[Opening Study material section]
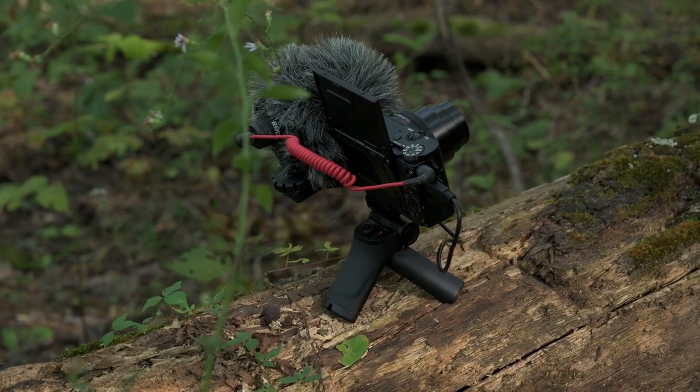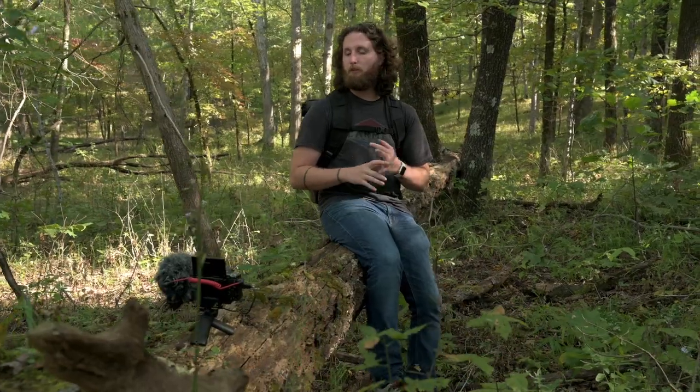This camera has 357 phase detect autofocus points. It also has real-time eye autofocus tracking, so if you have a face in the scene — whether it's yourself or someone else — it'll automatically lock onto that eye and keep it in focus.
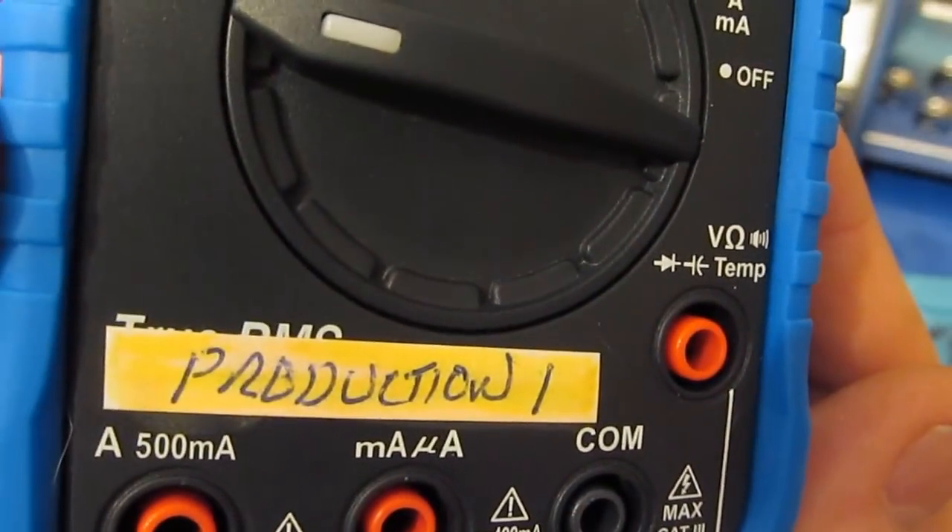One way to improve the drift issue is to add a parallel capacitance with the one you're trying to measure — just enough to get the meter reading off zero — null out the meter, then add the capacitor you want to measure.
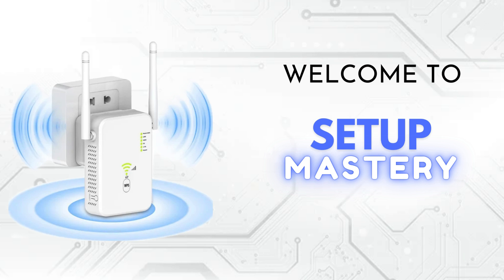Welcome to Setup Mastery, your go-to channel for all things tech. Here, we explore the latest gadgets, unbox cutting-edge devices, and provide step-by-step installation guides to help you optimize your setup. Subscribe now and join our journey to master the art of perfect setups.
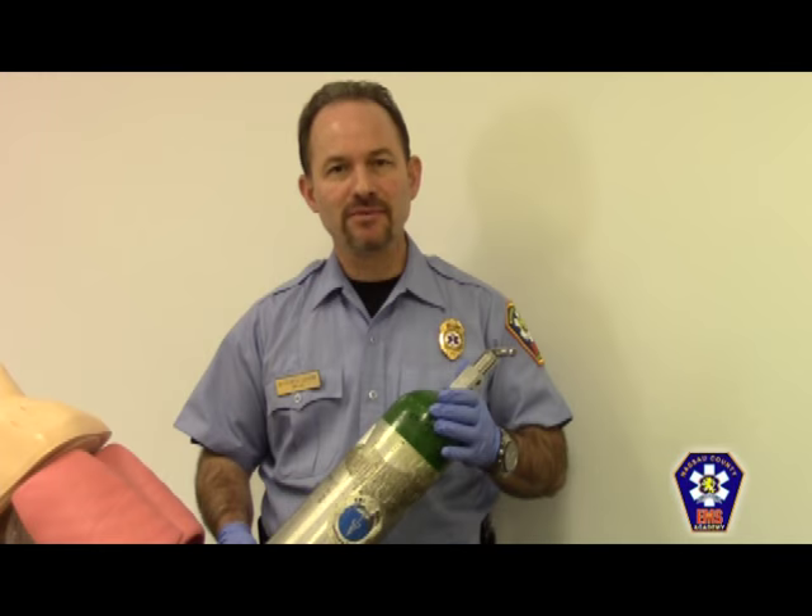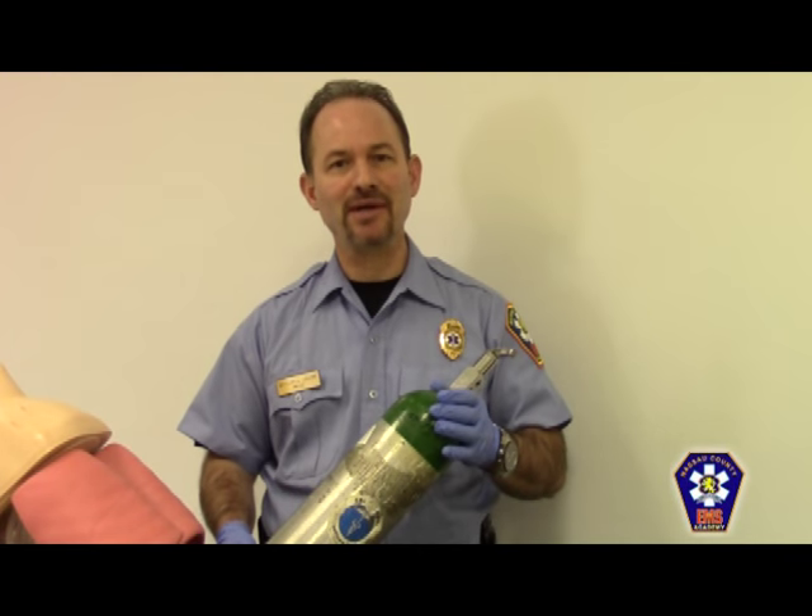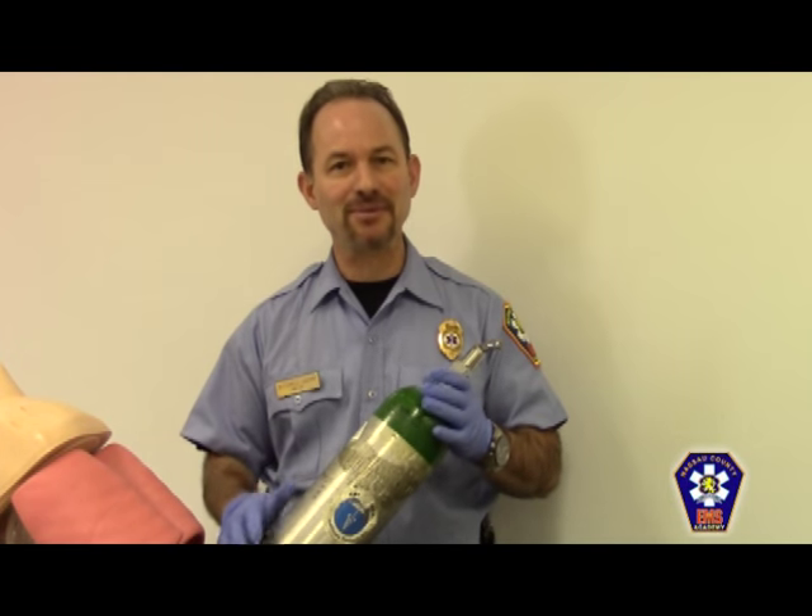I'm going to be demonstrating New York State Emergency Medical Technician Skills Station 4B, Supplemental Oxygen Administration. First, I'm going to indicate to the evaluator that I'm wearing appropriate body substance isolation.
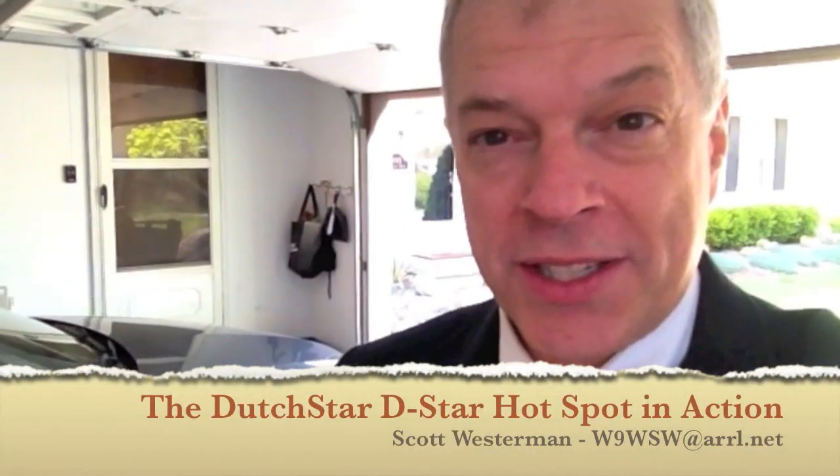I'm Scott Westerman, W9WSW, and let's go in the car and take a test drive of a D-Star hotspot.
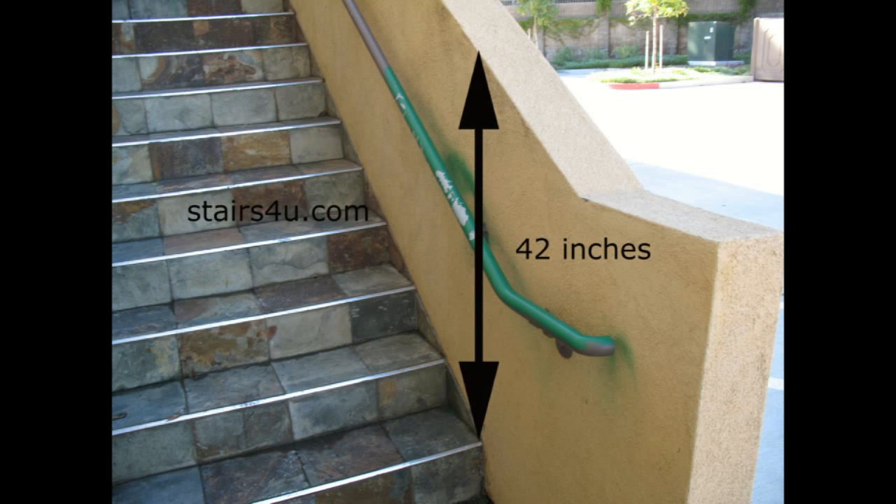The measurement has got to be done from the front of the stair tread. You're going to get two different measurements if you measure it both ways, but the way that the building officials, building code enforcers, and building inspectors will measure this is from the front. And 42 inches is the measurement in most instances. You need to check with your building department to make sure. This is a minimum measurement — it can actually be taller, but it cannot be smaller than 42 inches.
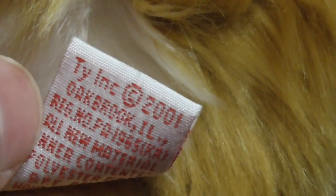TY Inc., Copyright 2001. It says P.E. Pollock, Handmade in China.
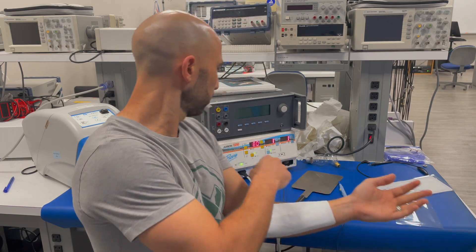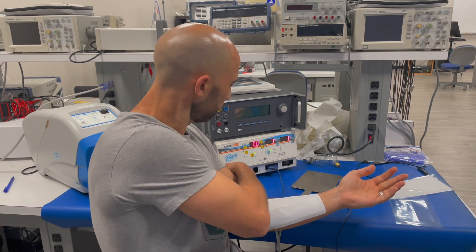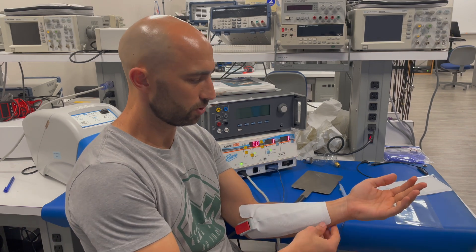Depending on where the surgery is being done, you may have to put it in different places — that's more of a clinical issue. I want to show the safety feature that comes with the split pad electrode. You notice my ESU generator over here: everything's happy, green lights, no alarms, nothing.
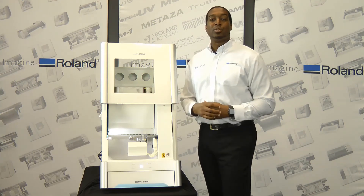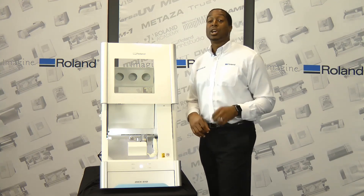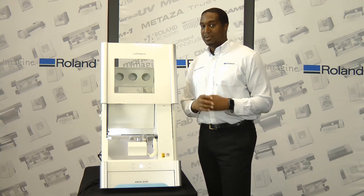This mill is equipped with an automatic tool changer, which gives you the ability to load up to 10 carbide, hybrid, or diamond-based burrs. You can use a combination of all of those, depending on your setup.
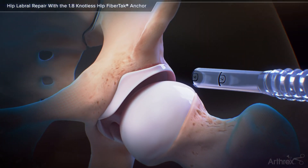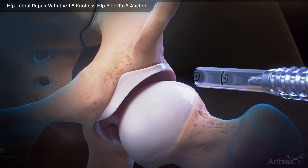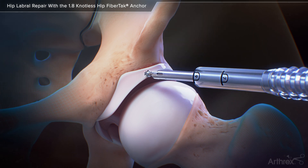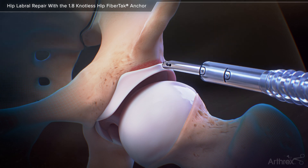Hip labral repair with the 1.8 knotless hip fiber tack anchor. Inversion stitch. Use a retractable hood burr to complete an acetabuloplasty and prepare the rim for anchor placement.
[Closing Study material section]
— Assignment —
Copy all of the data above exactly. Leave out every picture.

— Response for this exercise —
This camera has 357 phase detect autofocus points. It also has real-time eye autofocus tracking, so if you have a face in the scene — whether it's yourself or someone else — it'll automatically lock onto that eye and keep it in focus.
One way to improve the drift issue is to add a parallel capacitance with the one you're trying to measure — just enough to get the meter reading off zero — null out the meter, then add the capacitor you want to measure.
Welcome to Setup Mastery, your go-to channel for all things tech. Here, we explore the latest gadgets, unbox cutting-edge devices, and provide step-by-step installation guides to help you optimize your setup. Subscribe now and join our journey to master the art of perfect setups.
I'm going to be demonstrating New York State Emergency Medical Technician Skills Station 4B, Supplemental Oxygen Administration. First, I'm going to indicate to the evaluator that I'm wearing appropriate body substance isolation.
I'm Scott Westerman, W9WSW, and let's go in the car and take a test drive of a D-Star hotspot.
The measurement has got to be done from the front of the stair tread. You're going to get two different measurements if you measure it both ways, but the way that the building officials, building code enforcers, and building inspectors will measure this is from the front. And 42 inches is the measurement in most instances. You need to check with your building department to make sure. This is a minimum measurement — it can actually be taller, but it cannot be smaller than 42 inches.
TY Inc., Copyright 2001. It says P.E. Pollock, Handmade in China.
Depending on where the surgery is being done, you may have to put it in different places — that's more of a clinical issue. I want to show the safety feature that comes with the split pad electrode. You notice my ESU generator over here: everything's happy, green lights, no alarms, nothing.
This mill is equipped with an automatic tool changer, which gives you the ability to load up to 10 carbide, hybrid, or diamond-based burrs. You can use a combination of all of those, depending on your setup.
Hip labral repair with the 1.8 knotless hip fiber tack anchor. Inversion stitch. Use a retractable hood burr to complete an acetabuloplasty and prepare the rim for anchor placement.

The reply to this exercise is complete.